### [Task to carry out]
Transcribe each record precisely; images stay out.

### [Records to process]
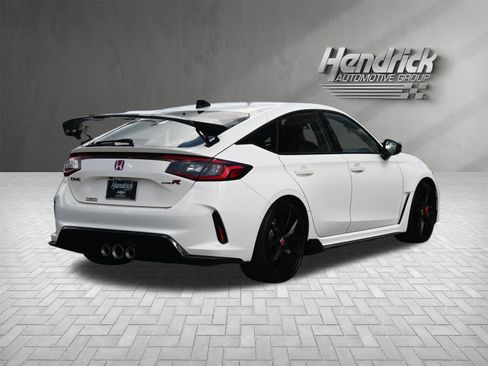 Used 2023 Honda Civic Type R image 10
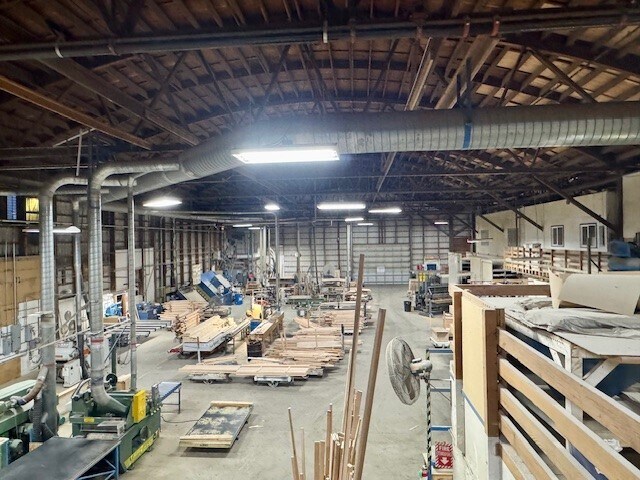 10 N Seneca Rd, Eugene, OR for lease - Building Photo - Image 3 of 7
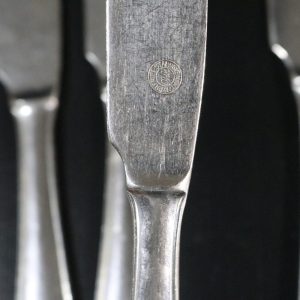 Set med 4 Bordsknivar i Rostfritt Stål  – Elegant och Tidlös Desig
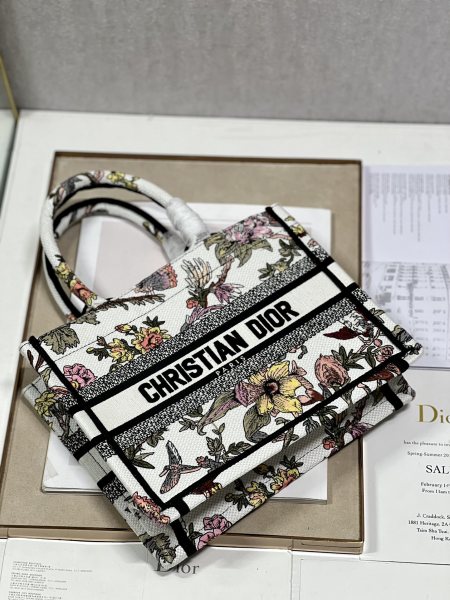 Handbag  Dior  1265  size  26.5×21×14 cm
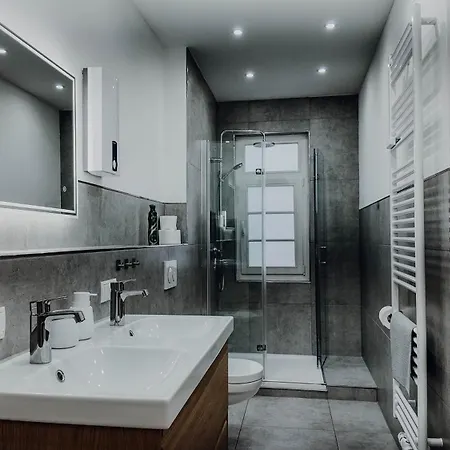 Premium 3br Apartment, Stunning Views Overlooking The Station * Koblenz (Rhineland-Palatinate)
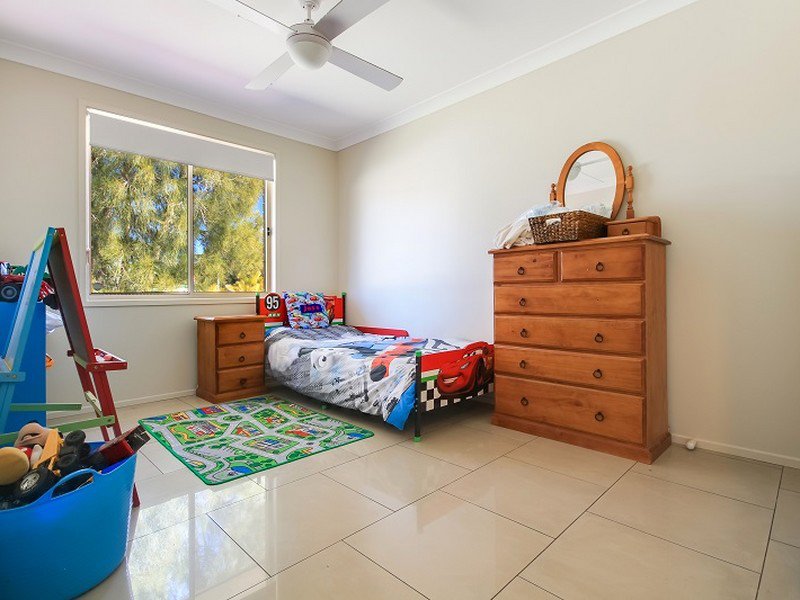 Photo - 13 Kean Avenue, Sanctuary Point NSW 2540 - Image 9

### [Problem solution]
 Used 2023 Honda Civic Type R image 10
 10 N Seneca Rd, Eugene, OR for lease - Building Photo - Image 3 of 7
 Set med 4 Bordsknivar i Rostfritt Stål  – Elegant och Tidlös Desig
 Handbag  Dior  1265  size  26.5×21×14 cm
 Premium 3br Apartment, Stunning Views Overlooking The Station * Koblenz (Rhineland-Palatinate)
 Photo - 13 Kean Avenue, Sanctuary Point NSW 2540 - Image 9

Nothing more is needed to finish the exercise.